Thursday, July 13, 2006 @2:33 PM
I have been adopting strange eating habits of late. I'm eating my third bowl (it's a small bowl) of cereal at 2:30pm in the afternoon. So for today, I had a pao, a banana and a slice of honeydew in school. Sounds rather like a family huh? "This is Mr. Pao, Miss Banana and Mrs. Honeydew. They reside in Melissa's stomach." Okay, sorry. My brain feels a bit odd today.
Reading Murakami suddenly gave me this realisation that it is all too easy to fall into depression. All too easy to fall into one mundane task after another, walk the same path every day with no variation, entering into a life of monotone. And the worst thing is, you yourself wouldn't realise your life has become a meaningless parade. You'd just go on living, doing the things you always do, and never realise that you've become a robot, a slave to work, a slave to society, a slave to yourself.

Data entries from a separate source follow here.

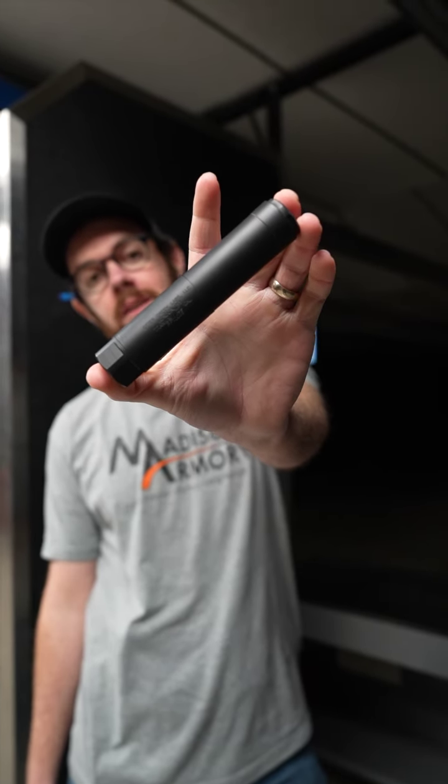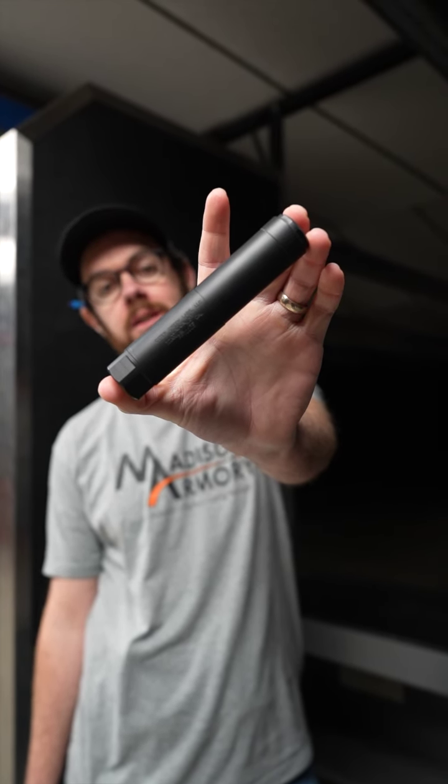What's up guys, it's Rob at Mattis Armory. Today we are messing with the new Otter Creek Labs Titanium 22 Suppressor. This is brand new — we just got it from our boys over at Otter Creek. This is going to be our first shots through it. Decided to try it out.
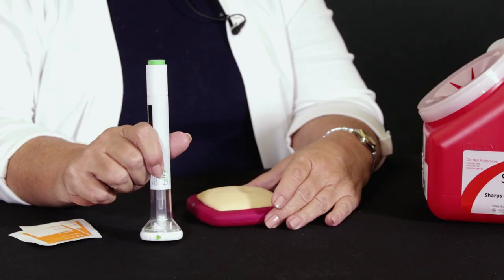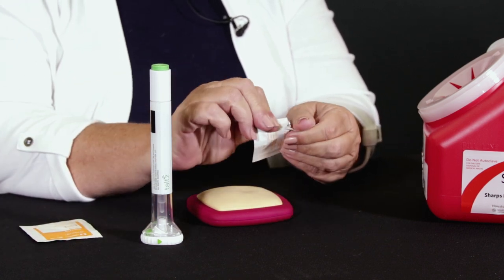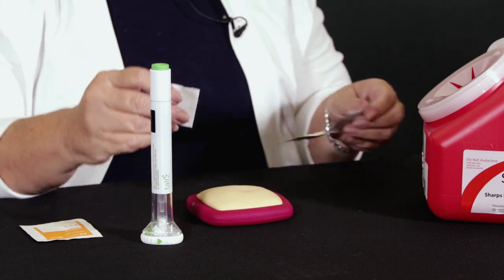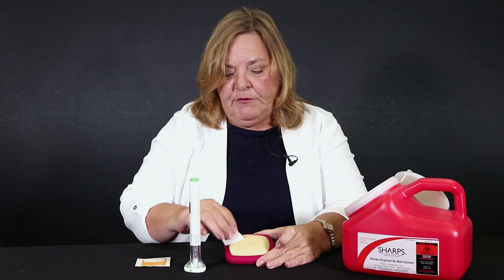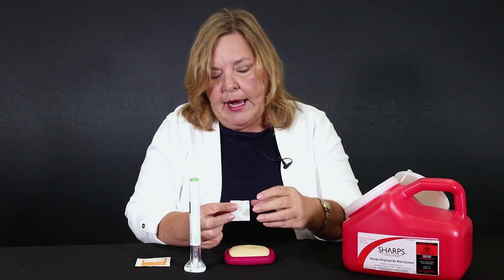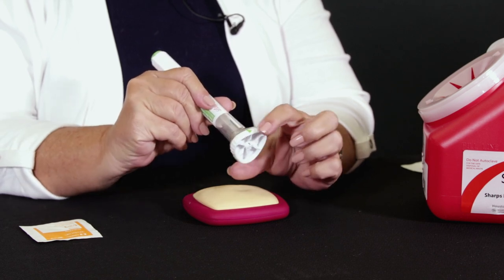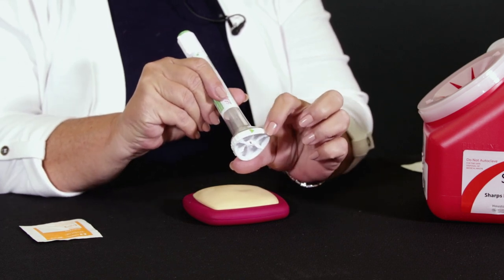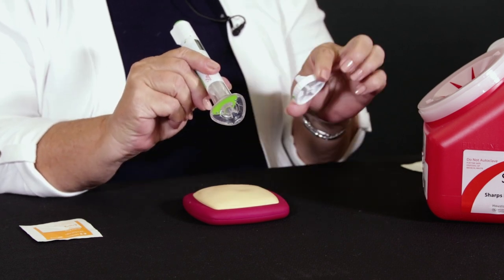So let's get started. You've decided where you're going to do your injection. Say it's your belly and you're going to clean that with an alcohol wipe. If you don't have alcohol wipes like this, that's fine — you can use rubbing alcohol and a cotton ball. The next thing you're going to do is take off the cap. There's actually a little arrow which points in the direction of the cap removal. It just twists right off.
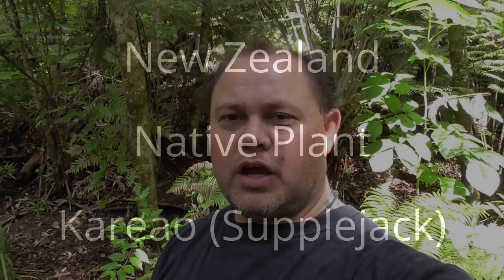My name is Glen Vickery and welcome to my YouTube channel Kiwi Bushcraft and Survival. Today I'm going to cover another native plant called kareo, otherwise known as suplejack.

Sometimes I wonder, who are the people who came up with languages, the idea of schools, movies, art, literature, music? And I cannot help but admire and respect them. Where did they get their ideas to write books and plays from, the pioneers of literature? When people write now, they all tend to base their writings and thoughts on previous works they've read, either consciously or subconsciously. Where then, did the very first people who picked up a pen to write, get their ideas from?
Today, it suddenly struck me as I looked at you, why I was being so foolish.
As quickly as it came... it passed on just as fleetingly.
I'm finally tired, I finally feel like giving up everything I have.
No, I don't mean to say I want to kill myself.